Embodying Conflict: The Visual Contexts Of Louisa May Alcott’s Little Women

Sara R. Danger (Valparaiso University, Indiana, USA)

This paper examines the first illustrated edition of Louisa May Alcott’s Little Women (1868-69) in relationship to the photography of the Civil War. The first illustrations, drawn by the author’s sister, May Alcott, accentuate the novel’s portrayal of the physical and psychological struggles involved in becoming “little women.” In May Alcott’s illustrations the March sisters appear more grotesque than sentimental, assuming disproportionate doll-like heads and misshapen bodies. The Alcotts’ debilitating visual/textual portrait of womanhood accrues additional significance, moreover, when viewed in conjunction with Civil War photography, which circulated widely at the moment of the novel’s publication. Civil War photographs of dead, wounded, and suffering soldiers created for Reconstruction-era readers a new way of viewing bodies in relationship to national identity and conflict.

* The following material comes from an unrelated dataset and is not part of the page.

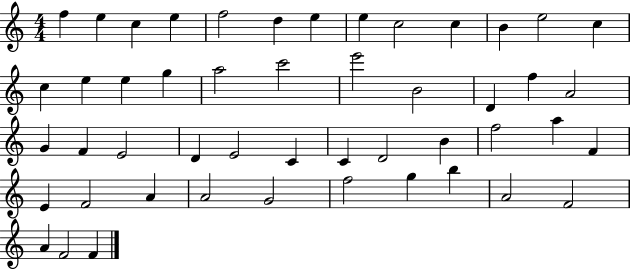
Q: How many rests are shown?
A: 0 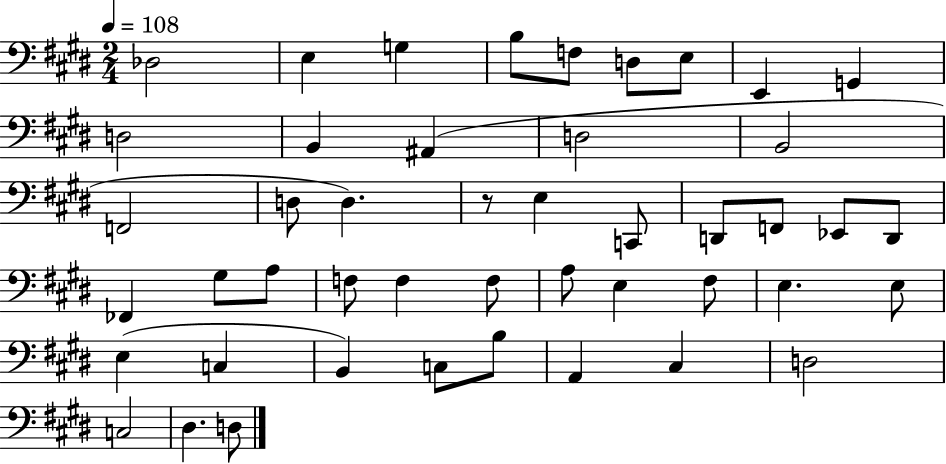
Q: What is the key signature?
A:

Through the depiction of the March sisters suffering valiantly or masochistically (Meg and Jo) or as martyring themselves (Beth, Marmee, and Jo, in the end), Little Women and its illustrations present women’s struggles as resonant with the physical and national suffering displayed in Civil War photographs. Reading Little Women through these visual contexts, I will argue, contributes to the novel’s conflicted portrait of nineteenth-century womanhood. On the one hand, these visual parallels invest the belittlement of nineteenth-century women with heroic nationalism. On the other hand, they suggest that, like prostrate, wounded soldiers, the March sisters are scarred by the in-validation of their minds, bodies, and selves.